Em 1607, durante o tempo de Al-Bakri, uma minoria de El
Honneihîn já tinha sido praticamente assimilada na sociedade negra de cuja
religião também fizeram parte. Aqueles que haviam se estabelecido ao longo do
rio chamavam-se El Faman. Foi através dos casamentos inter-raciais que a
minoria branca misturou-se aos negros.
Os Honneihîn governaram Aoudaghast até o declínio de Gana
com a invasão dos Almorávidas em 1076. Enquanto os berberes permaneceram
vassalos do imperador negro de Gana por séculos, e a vingança dos Almorávidas
durou apenas dez anos, terminando com a morte de Abubeker-Ben-Omar, assassinado
por uma flecha de um guerreiro negro, dentro da fronteira da atual Mauritânia.
Os Almorávidas demonstraram uma crueldade extrema durante a sua ocupação:
confiscaram mercadorias, e assassinaram os habitantes. Após essa ocupação de
dez anos, Gana foi atacada mais uma vez pelos vassalos de Sosso, mas
conseguiram resistir até o cerco da cidade por Sundiata Keita em 1240.

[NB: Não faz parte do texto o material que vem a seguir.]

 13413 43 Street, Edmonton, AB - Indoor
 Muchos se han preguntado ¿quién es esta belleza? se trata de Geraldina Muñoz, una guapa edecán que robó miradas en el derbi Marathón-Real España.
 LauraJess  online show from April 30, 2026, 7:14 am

O império de Gana, conforme Al-Bakri, foi defendido por
duzentos mil guerreiros, dos quais quarenta mil eram arqueiros. Seu poder e
reputação era conhecido em localidades distantes como Bagdá ao leste, e não era
apenas lendário: foi de fato, um fenômeno comprovado pela sucessão de 1250 anos
de sucessão de imperadores negros ocupando o trono de um pais tão vasto como a
Europa, sem inimigos fora e dentro do pais.

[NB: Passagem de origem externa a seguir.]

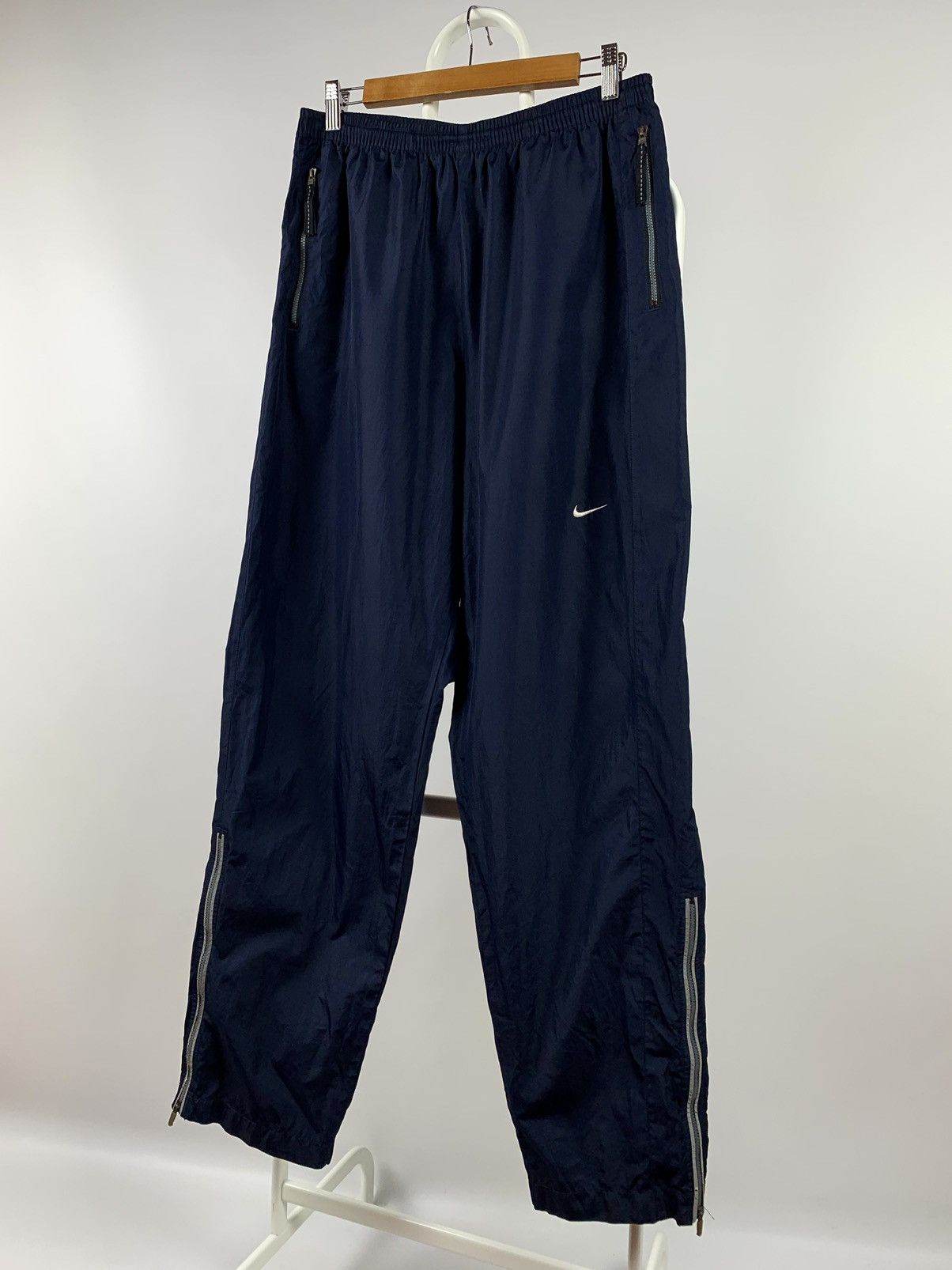 Nike 90s Vintage Nike Swoosh Joggers Track Pants Travis Style Size US 34 / EU 50 - 3 Thumbnail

A capital já era nessa ocasião uma cidade cosmopolita e
internacional. Possuía seu bairro árabe onde o islamismo convivia com a
religião tradicional, antes da conversão da dinastia real e de seu povo à fé
muçulmana: no tempo de Bakri a cidade já ostentava uma dúzia e mesquitas
situadas no bairro árabe, com seus imams, muezzins, e leitores assalariados.
Possuía um grande numero de juristas e de estudiosos. Serviam-se diariamente
dez mil refeições, cozidas sobre milhares de feixes de lenha. O próprio
imperador participava desses festins que oferecia aos moradores fora do seu
palácio.
O império abriu-se primeiramente ao grande mundo através do
comercio; já gozava de reputação internacional que seria herdada e estendida
aos futuros impérios de Mali e Songhai. Mas a escravidão domestica era
predominante na sociedade africana: podiam-se vender escravos tanto a algum
outro cidadão quanto a um estrangeiro. Isso explica o motivo pelo qual os
mercadores árabes e berberes tornaram-se ricos ao estabelecer-se em Aoudaghast,
mesmo com a permissão do soberano negro de vender escravos a seus vassalos no
mercado aberto. Alguns indivíduos na cidade possuíam mais de uma centena de
escravos.
Com isso percebemos o modo pacífico com o qual o mundo dos
brancos podia possuir escravos negros. E não era através de conquistas como se
costuma afirmar. Esses impérios, defendidos por centenas de guerreiros, quando
necessário, dispondo de uma organização política e administrativa centralizada,
eram muito poderosos para que um viajante avulso que estivesse há muitas milhas
de distancia de sua terra tentasse qualquer tipo de violência contra eles. A
realidade dos fatos era muito mais simples, como foi dito. A escravidão seria
extinta no mundo dos brancos, principalmente na Europa, mas continuaria no
mundo dos negros, como veremos a seguir. Podemos enxergar os fatos complexos
que tem sido tentadores para serem usados de modo a obscurecer certas questões
da história. Toda a minoria branca que vivia na África deve ter possuído
escravos negros assim como os brancos eram todos súditos do imperador negro:
eles estavam todos os sujeitos ao mesmo poder político africano. Nenhum
historiador que se valha pode permitir-se de obscurecer esse contexto
político-social, de modo a fazer emergir apenas o fato da escravidão negra.